= Beginning of Section =
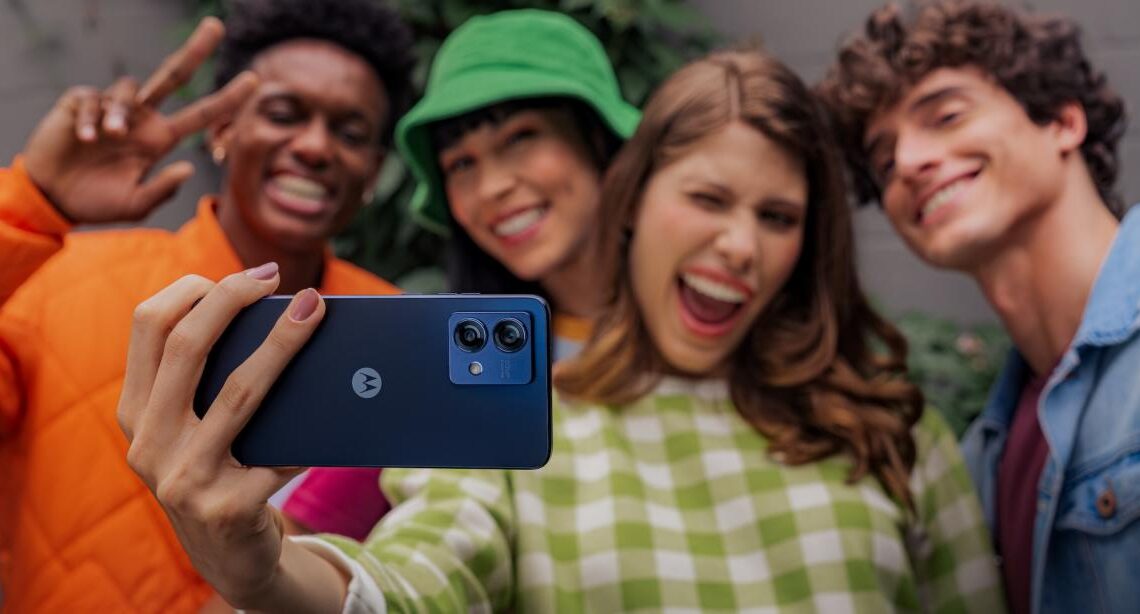Motorola Edge 40 Neo é oficial com acabamento em couro vegano Motorola Edge 40 Neo é oficial com acabamento em couro vegano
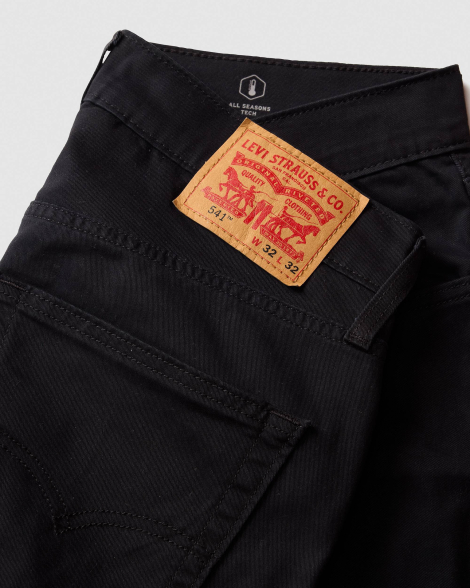 Чоловічі штани 541 Athletic Taper Levi's 1159852663 (Чорний 34W 32L)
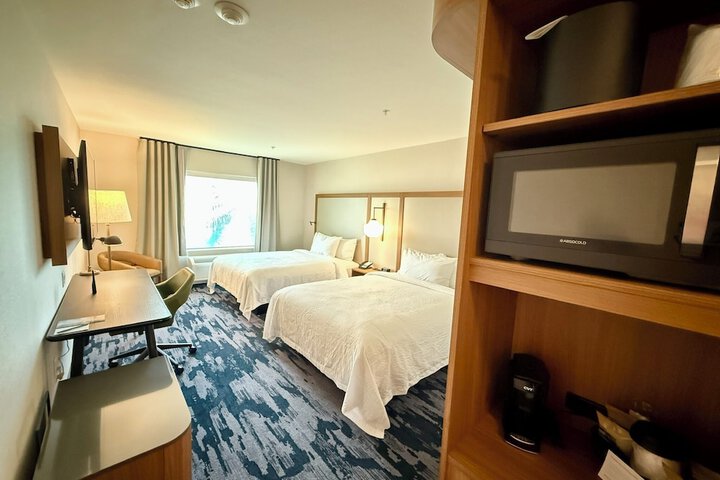 Room 6 of 42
= End of Section =
PROBLEM TO WORK ON: Could you set down the material above word for word while dropping its pictures?

RESPONSE TO THIS TASK:
Motorola Edge 40 Neo é oficial com acabamento em couro vegano Motorola Edge 40 Neo é oficial com acabamento em couro vegano
 Чоловічі штани 541 Athletic Taper Levi's 1159852663 (Чорний 34W 32L)
 Room 6 of 42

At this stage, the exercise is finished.